◆ WHAT YOU WILL DO: Set down each record below precisely, skipping the pictures.

----

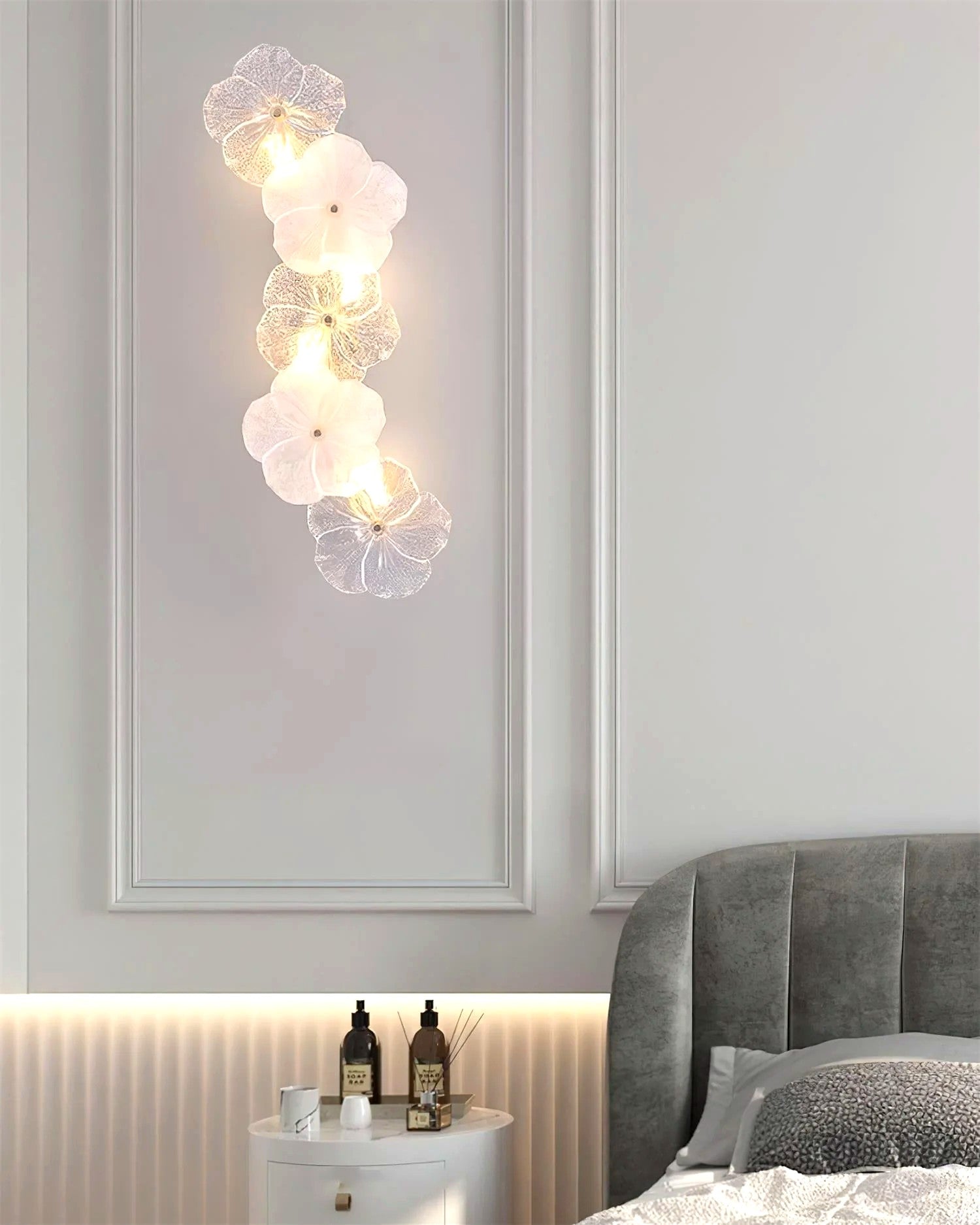 Applique Murale Fleur Pétales en Verre, Design Romantique Délicat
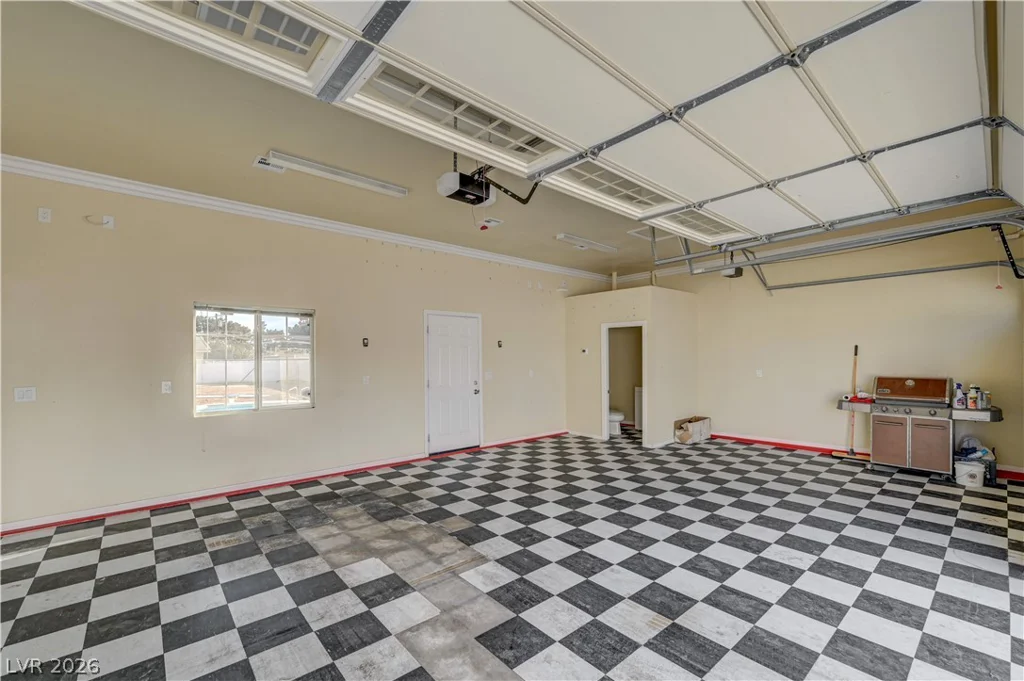 3015 El Camino, Las Vegas, NV 89146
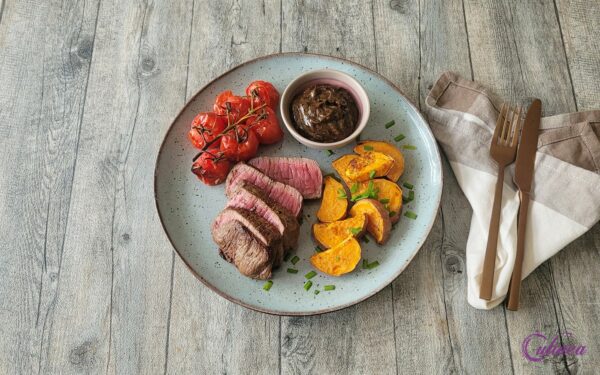 Biefstuk met zwarte knoflookmayonaise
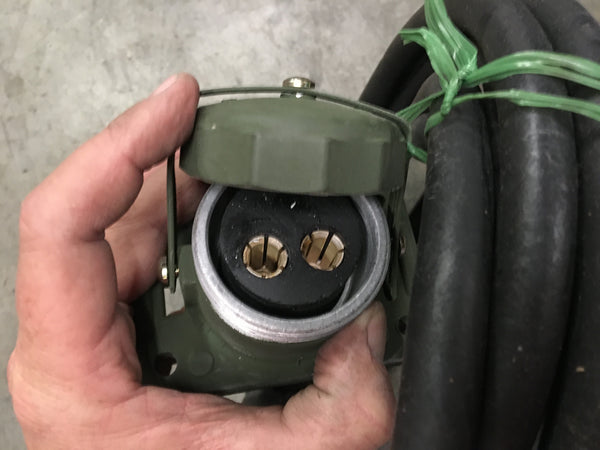 Slave Receptacle Cable Plug for Cargo Truck NSN:6150-00-045-3900 P/N:8707574-2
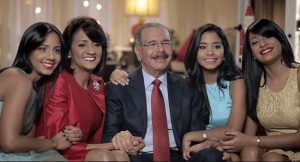 Ayer no hubo «visita sorpresa», DM celebró Día de los Padres en su casa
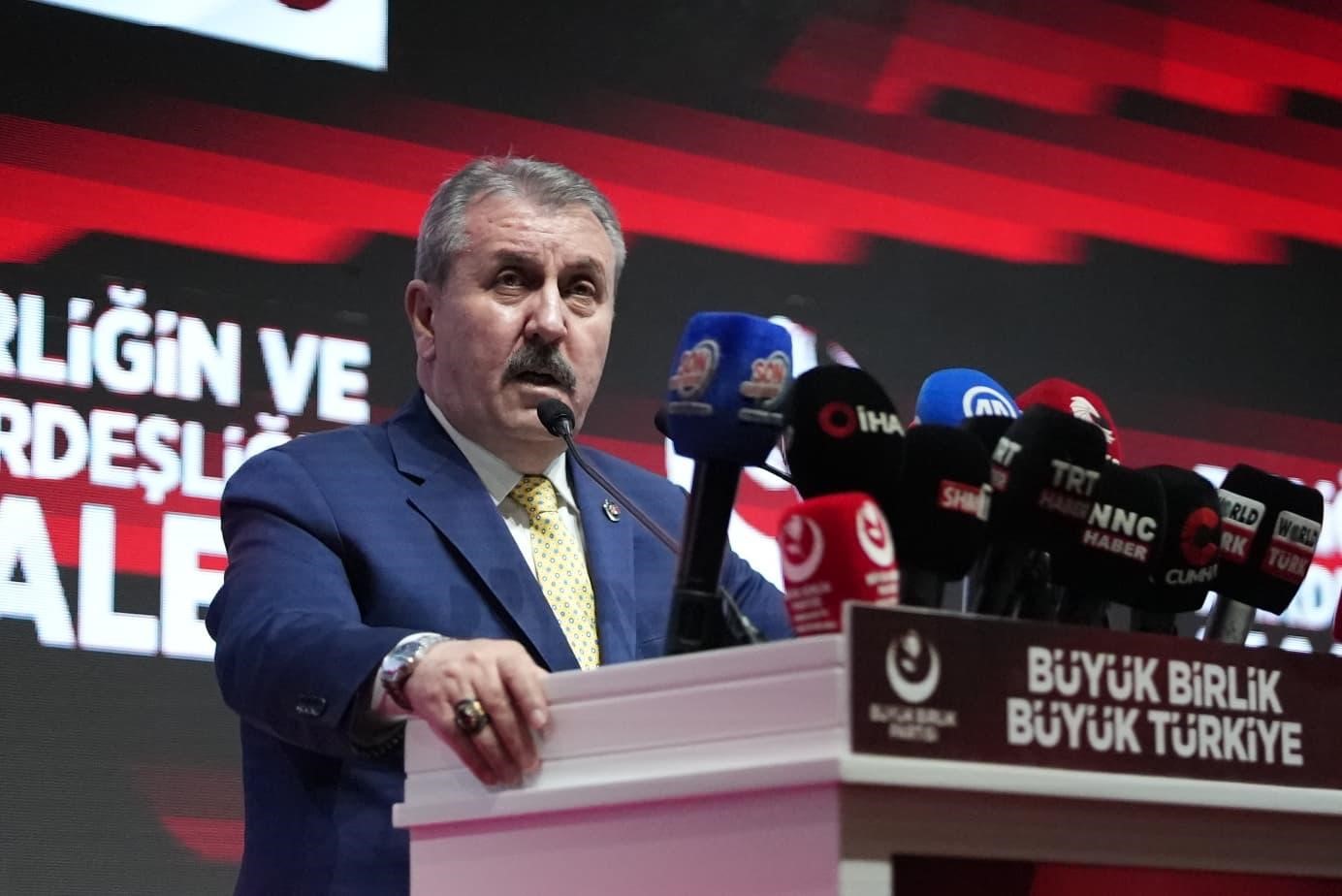 Destici'den Emekliye Kurban İkramiyesi ve Aile Destek Paketi Çağrısı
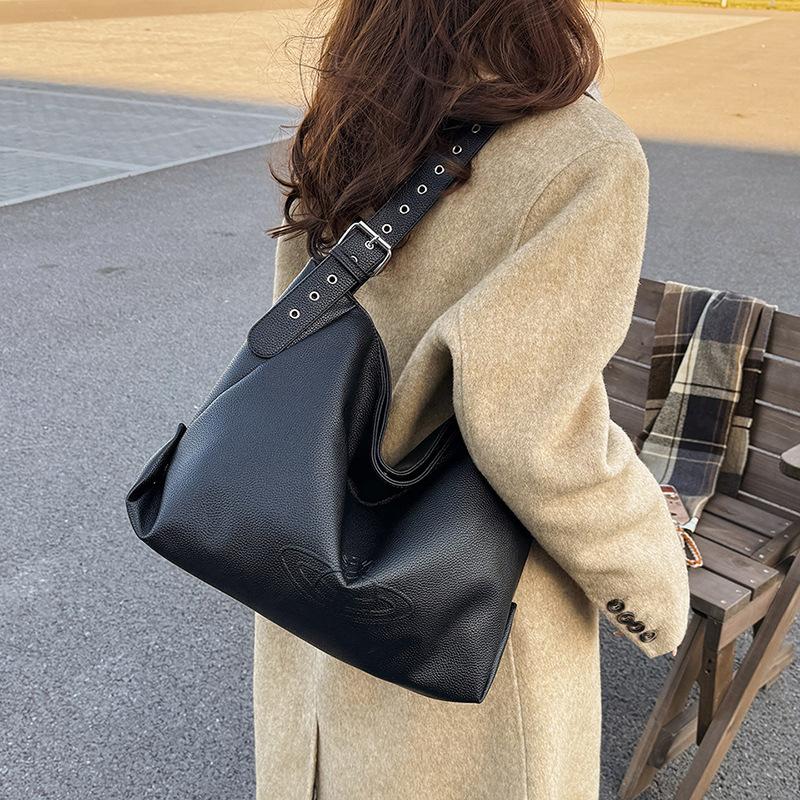 2025 Autumn and Winter New Simple and Fashionable Versatile Shoulder Messenger Bag Bag Large Capacity Tote Bag Spaceship Women's Bag Tide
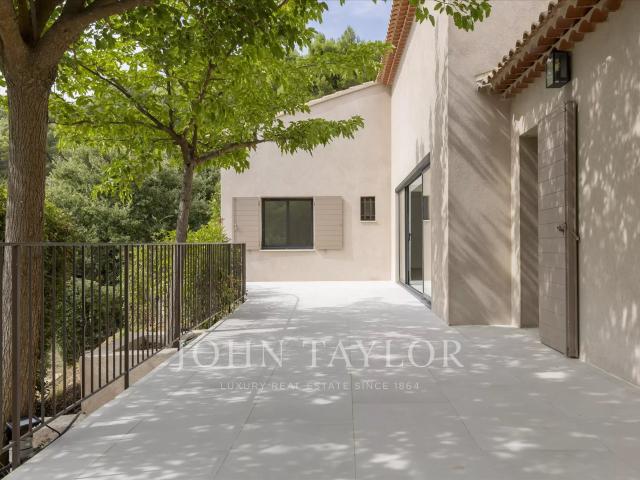 Évenos – Villa de plain pied rénovée avec piscine et vue pan. 257m² Ollioules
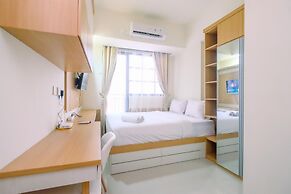 Good Choice And Strategic 2Br Without Living Room Evenciio Apartment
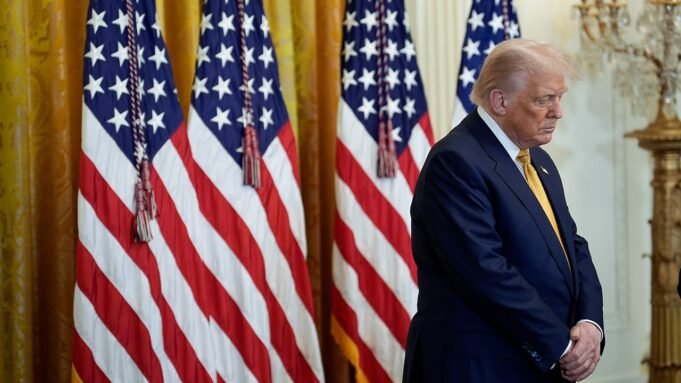 donald-trump-praying-faith-museum-of-the-bible.jpg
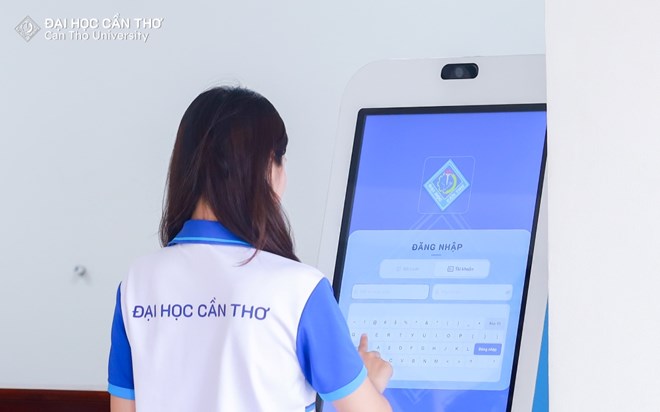 Đại học Cần Thơ lần đầu triển khai hệ thống Kiosk cấp giấy tờ xác nhận cho sinh viên
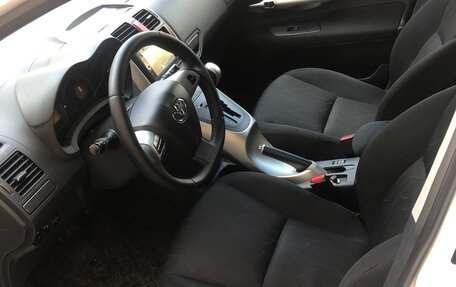 Toyota Auris II, 2011 год, 975 000 рублей, 9 фотография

----

◆ OUTPUT OF THE TASK:
 Applique Murale Fleur Pétales en Verre, Design Romantique Délicat
 3015 El Camino, Las Vegas, NV 89146
 Biefstuk met zwarte knoflookmayonaise
 Slave Receptacle Cable Plug for Cargo Truck NSN:6150-00-045-3900 P/N:8707574-2
 Ayer no hubo «visita sorpresa», DM celebró Día de los Padres en su casa
 Destici'den Emekliye Kurban İkramiyesi ve Aile Destek Paketi Çağrısı
 2025 Autumn and Winter New Simple and Fashionable Versatile Shoulder Messenger Bag Bag Large Capacity Tote Bag Spaceship Women's Bag Tide
 Évenos – Villa de plain pied rénovée avec piscine et vue pan. 257m² Ollioules
 Good Choice And Strategic 2Br Without Living Room Evenciio Apartment
 donald-trump-praying-faith-museum-of-the-bible.jpg
 Đại học Cần Thơ lần đầu triển khai hệ thống Kiosk cấp giấy tờ xác nhận cho sinh viên
 Toyota Auris II, 2011 год, 975 000 рублей, 9 фотография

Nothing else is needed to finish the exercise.